As I’ve previously discussed in Control Shift, in recent years there has been a profound shift where the most important internet device most people use has gone from being the desktop PC to the smartphone.
This change means mobile commerce has important implications for businesses – even those which don’t realise it yet. The good news is that, with a few simple and cost-effective changes, many small business owners can easily harness this trend.
Of course, it can be easy to become complacent and think that as long as you have an effective e-commerce site (here’s how to set one up) and take advantage of things like mobile messaging apps, you can reap all the rewards mobile has to offer.
However, the mobile revolution is not just about ordering online – it’s also revolutionising how people shop in-store. Here are four technologies that could accelerate that shift in the years ahead, including two that are being pioneered by Australian companies.
1. Google Analytics for bricks-and-mortar retailers
Website analytics services like Google Analytics have long helped savvy business owners keep track of how many people visit their websites and what products users are clicking on. But what if you could have the same data for people visiting your bricks-and-mortar store?
That’s the idea behind a company called Kepler Analytics, which was co-founded by an Australian entrepreneur named David Mah, the co-founder of successful online shopping app Blue Sky.
Here’s how it works. Most people have their smartphones set up to automatically search for Wi-Fi networks in order to connect to certain Wi-Fi hotspots when they’re in range.
To allow these automatic connections, smartphones periodically transmit small amounts of data and wait for any Wi-Fi nearby Wi-Fi routers or hot-spots to send a response. By setting up highly-accurate sensors around a store to harvest this data, combined with some software in the cloud, shopkeepers can track how their customers move about a store.
Best of all, because the sensors don’t capture any personal information and all the data is presented in aggregate form, there’s no loss of privacy for customers. Meanwhile, business owners can capture valuable data on in-store marketing ROI, visual merchandising effectiveness and conversion rates.

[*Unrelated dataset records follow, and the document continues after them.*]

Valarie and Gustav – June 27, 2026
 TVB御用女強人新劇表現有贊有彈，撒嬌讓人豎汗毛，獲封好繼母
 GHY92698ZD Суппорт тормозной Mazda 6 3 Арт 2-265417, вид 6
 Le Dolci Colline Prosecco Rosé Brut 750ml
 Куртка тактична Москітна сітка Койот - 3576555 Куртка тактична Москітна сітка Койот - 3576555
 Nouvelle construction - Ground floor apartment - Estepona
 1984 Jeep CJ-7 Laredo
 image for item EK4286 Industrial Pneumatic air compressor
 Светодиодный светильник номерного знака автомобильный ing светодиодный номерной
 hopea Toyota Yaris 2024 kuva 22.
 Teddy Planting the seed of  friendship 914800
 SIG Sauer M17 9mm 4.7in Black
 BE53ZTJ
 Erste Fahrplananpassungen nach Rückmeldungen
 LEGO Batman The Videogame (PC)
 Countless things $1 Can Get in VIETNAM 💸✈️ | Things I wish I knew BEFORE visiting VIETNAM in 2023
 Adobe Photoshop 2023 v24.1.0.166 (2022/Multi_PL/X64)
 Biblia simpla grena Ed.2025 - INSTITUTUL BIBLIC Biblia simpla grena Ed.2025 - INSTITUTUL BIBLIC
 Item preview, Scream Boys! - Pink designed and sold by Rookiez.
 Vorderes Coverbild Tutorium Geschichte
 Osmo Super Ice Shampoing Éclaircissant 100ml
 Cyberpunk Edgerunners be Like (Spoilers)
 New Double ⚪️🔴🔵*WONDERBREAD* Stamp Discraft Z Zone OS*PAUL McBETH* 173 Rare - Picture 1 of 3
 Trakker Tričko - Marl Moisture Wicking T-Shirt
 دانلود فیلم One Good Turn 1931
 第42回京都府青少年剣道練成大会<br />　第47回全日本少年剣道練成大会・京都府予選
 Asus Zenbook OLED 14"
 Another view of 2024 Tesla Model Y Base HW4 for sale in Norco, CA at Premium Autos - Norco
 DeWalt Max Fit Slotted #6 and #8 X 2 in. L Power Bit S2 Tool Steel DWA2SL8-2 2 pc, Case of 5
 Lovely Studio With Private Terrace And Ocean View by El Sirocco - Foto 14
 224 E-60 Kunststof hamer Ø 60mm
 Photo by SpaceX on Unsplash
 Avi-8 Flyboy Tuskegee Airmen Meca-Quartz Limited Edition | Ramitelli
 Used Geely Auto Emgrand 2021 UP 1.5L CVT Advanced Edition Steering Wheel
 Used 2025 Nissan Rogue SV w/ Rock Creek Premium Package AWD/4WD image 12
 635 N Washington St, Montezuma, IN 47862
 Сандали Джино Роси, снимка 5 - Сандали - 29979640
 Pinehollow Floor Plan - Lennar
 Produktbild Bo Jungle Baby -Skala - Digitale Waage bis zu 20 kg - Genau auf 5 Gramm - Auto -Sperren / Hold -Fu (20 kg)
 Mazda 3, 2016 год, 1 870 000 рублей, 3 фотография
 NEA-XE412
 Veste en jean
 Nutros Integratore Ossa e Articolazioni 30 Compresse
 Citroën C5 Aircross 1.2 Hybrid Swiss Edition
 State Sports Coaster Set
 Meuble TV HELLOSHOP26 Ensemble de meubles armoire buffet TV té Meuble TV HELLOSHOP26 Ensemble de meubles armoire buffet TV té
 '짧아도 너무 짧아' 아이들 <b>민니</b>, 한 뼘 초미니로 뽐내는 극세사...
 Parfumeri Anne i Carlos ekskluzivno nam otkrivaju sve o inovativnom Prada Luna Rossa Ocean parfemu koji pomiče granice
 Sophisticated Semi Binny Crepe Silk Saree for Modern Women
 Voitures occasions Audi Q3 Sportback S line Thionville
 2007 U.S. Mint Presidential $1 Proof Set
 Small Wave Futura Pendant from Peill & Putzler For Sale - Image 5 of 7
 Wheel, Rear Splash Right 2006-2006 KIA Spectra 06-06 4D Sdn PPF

2. A bright idea for helping shoppers
A couple of weeks ago, I asked whether investing in smart lights is a bright idea. Well, it’s about to get a whole lot smarter for retailers – and here’s how.
US tech giants GE Lighting and Qualcomm have this week released a new type of LED light globe, with each one having a unique pulse pattern. These split-second pulses are so fast they’re imperceptible to the naked eye – but can be captured by the camera on a shopper’s smartphone or tablet.
An app on that smartphone or tablet, in turn, can identify where it is in a store based on these flicker patterns.
As a result, these flicker patterns can be used to trigger a range of features in a user’s device, including in-store navigation, suggested items, product information, and special offers.
3. Wired for sound
So what sort of potential is there for location-aware apps?
Recently, a Canberra-based design studio called APositive won an award for an app that responds to location data to play audio.
Its demonstration app, called Arboretum, tracks a user’s location around the National Arboretum in Canberra and plays different soundscapes play depending on what trees you are near. So standing near a cedar will produce a Himalayan soundscape, while there’s a Portuguese soundscape that plays for people standing near cork oak trees.
Now, imagine a technology such as this in a retail setting combined with the GE Lighting/Qualcomm smart globes. Perhaps customers with headphones could listen to a spiel about that new TV they’re standing next to as they move around a store, as information appears on the screen of their smartphone.
4. Smart technology pays
While mass adoption of the other three technologies on this list is still some way off, there is another place where mobile technology is revolutionising retail, and that’s the checkout queue.
Recently, I spoke to a Bendigo café owner who now takes his orders and payments on tablets. For payments, he uses the mobile payment platform Square, along with an app called Fresh KDS for taking orders.
Aside from the convenience of real-time tracking instead of pen and paper ordering, he has an online dashboard that checks how his sales are going if he can’t be in the store.
And in the very near future, mobile payment technologies such as Apple Pay and its rivals promise to make paying for sales as simple as tapping a smartphone against a tablet.
From tracking shoppers around your store, feeding special offers depending on which aisles they’re in, providing them with audio cues and allowing them to pay directly through an app, smartphones are set to revolutionise the in-store experience for shoppers over the coming years.